#### Required work:
Return exactly the lines from the "Rieker Tas Dames" line through the last line of the entries below. Include no pictures.

+===+

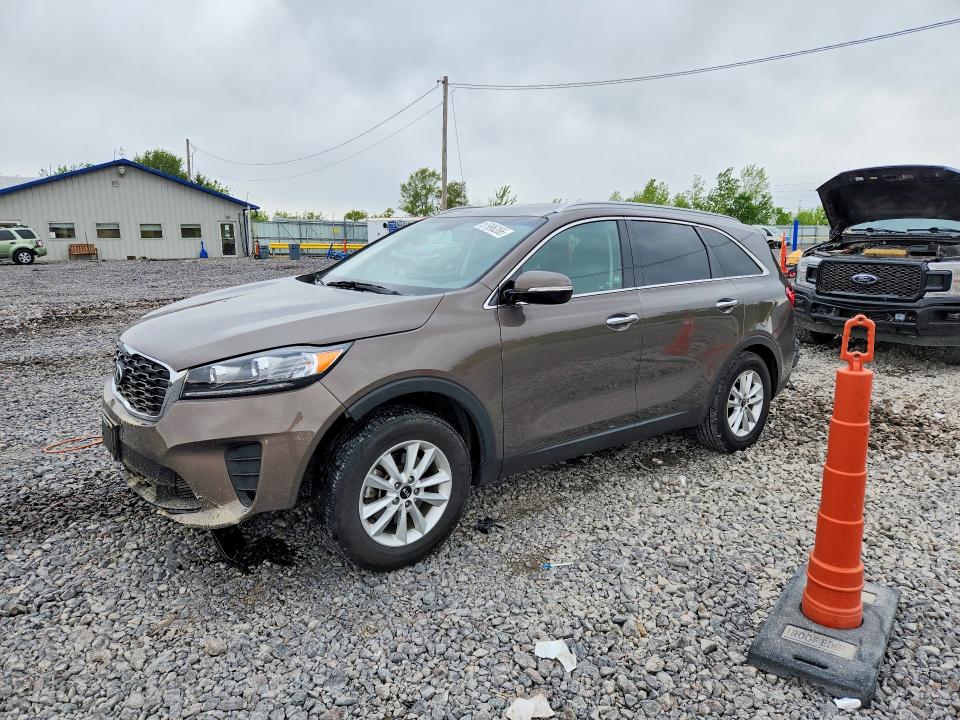 51996266 :رقم المزاد ، 5XYPG4A32KG442012 vin ، 2019 Kia Sorento مزاد بيع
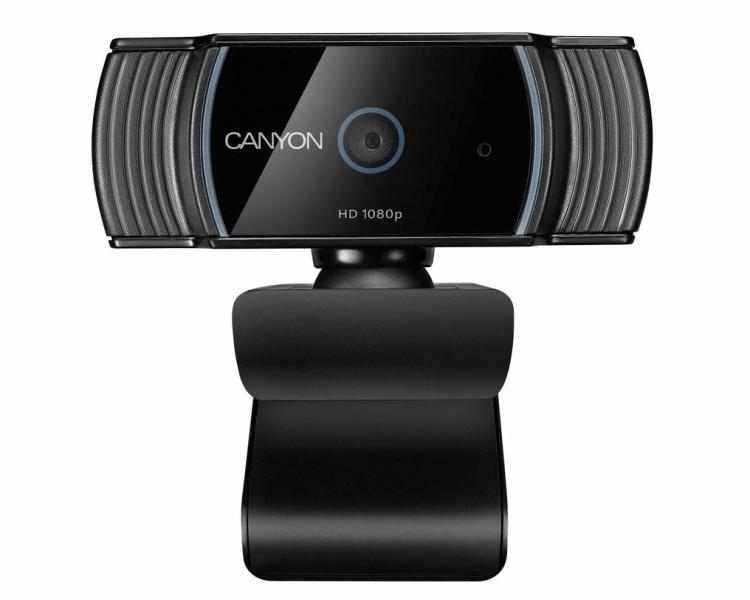 Webcams | Webcam C5 Hd Live Streaming 1080P Black Webcams Black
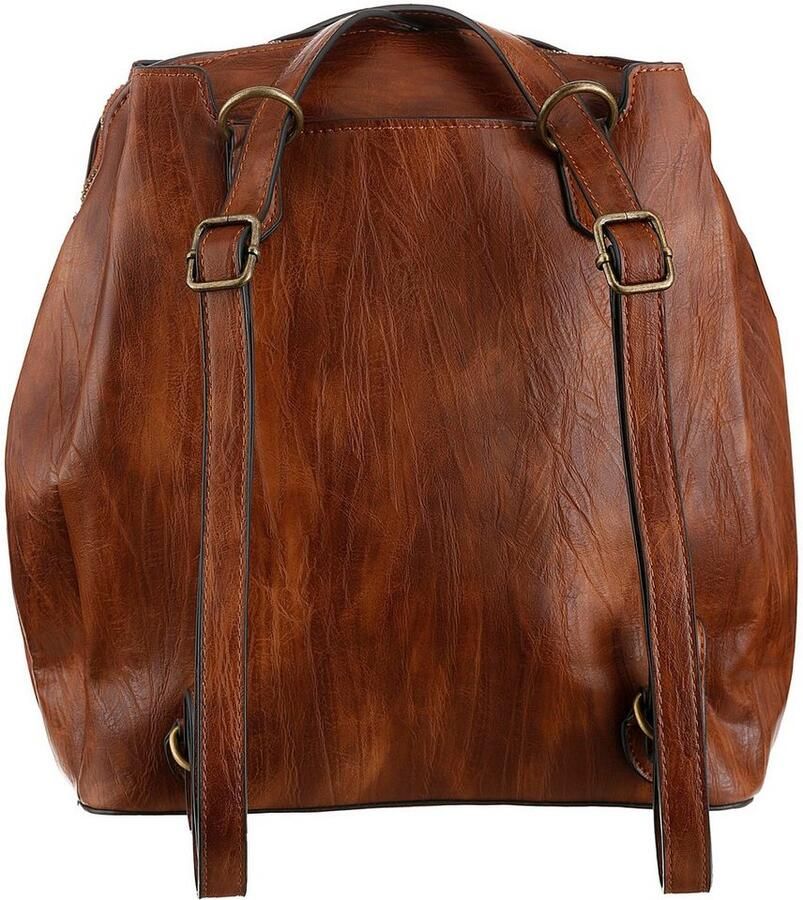 Rieker Tas Dames tas schoudertas ook als rugzak te dragen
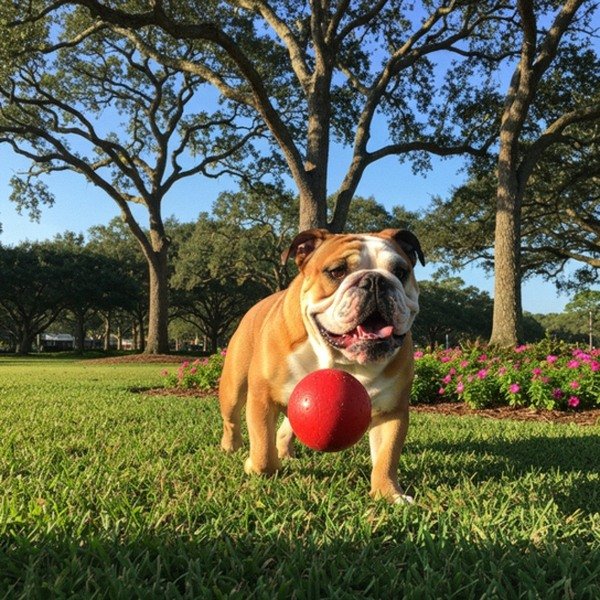 English Bulldog in Tampa, Florida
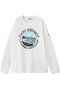 【MEN】レイクトゥアベニューグラフィックロングスリーブTシャツ コロンビア/Columbia Sea Salt・ PNW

+===+

#### Answer section:
 Rieker Tas Dames tas schoudertas ook als rugzak te dragen
 English Bulldog in Tampa, Florida
 【MEN】レイクトゥアベニューグラフィックロングスリーブTシャツ コロンビア/Columbia Sea Salt・ PNW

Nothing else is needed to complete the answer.